What you give back from the listing below should be an exact copy of the lines from the one with "Kota Cimahi Aman Filariasis!" down to the one with "El Centre Dental", and it should contain no pictures.
── Data provided ──
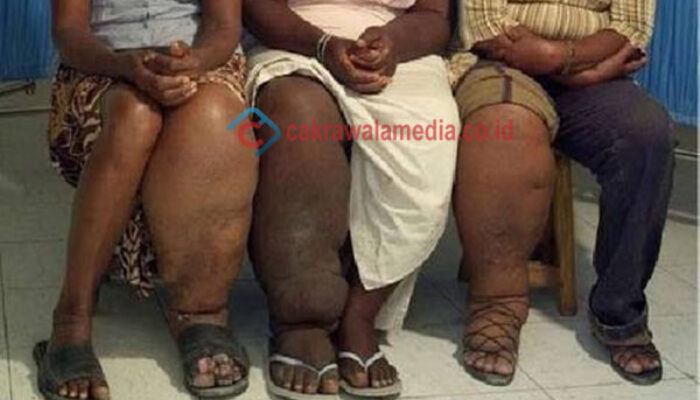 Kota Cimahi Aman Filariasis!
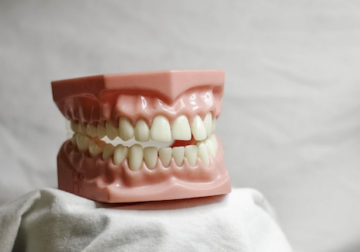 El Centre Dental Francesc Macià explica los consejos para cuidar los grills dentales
───
── Data provided ──
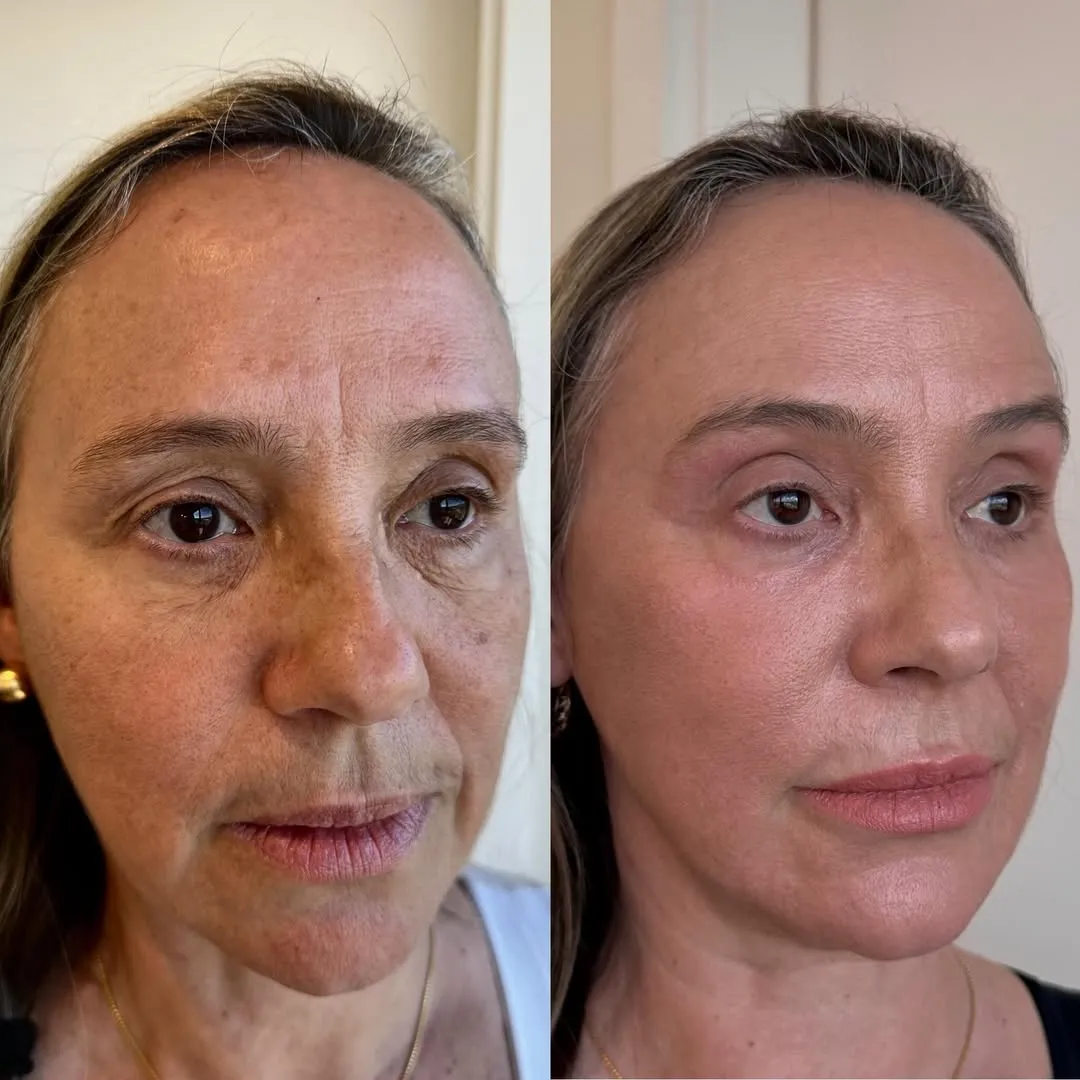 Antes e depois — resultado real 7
───
── Data provided ──
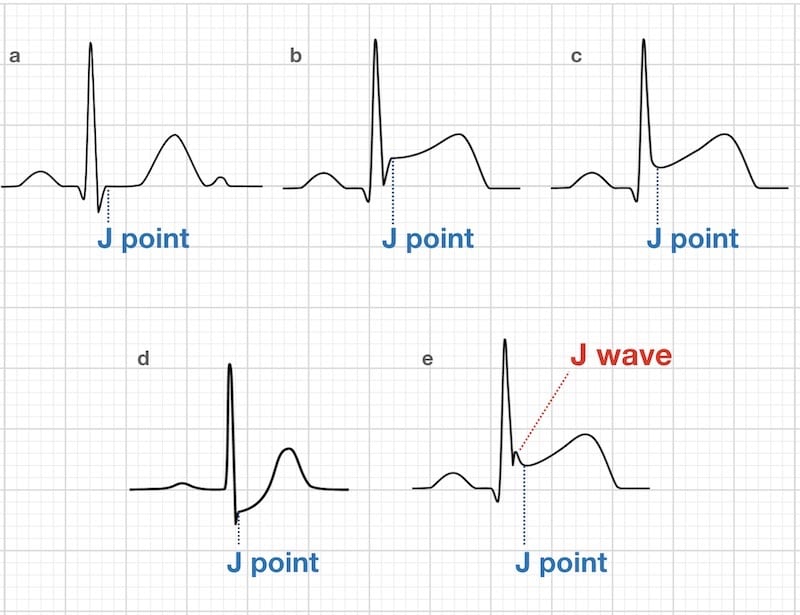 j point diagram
───
> [Task result]
 Kota Cimahi Aman Filariasis!
 El Centre Dental Francesc Macià explica los consejos para cuidar los grills dentales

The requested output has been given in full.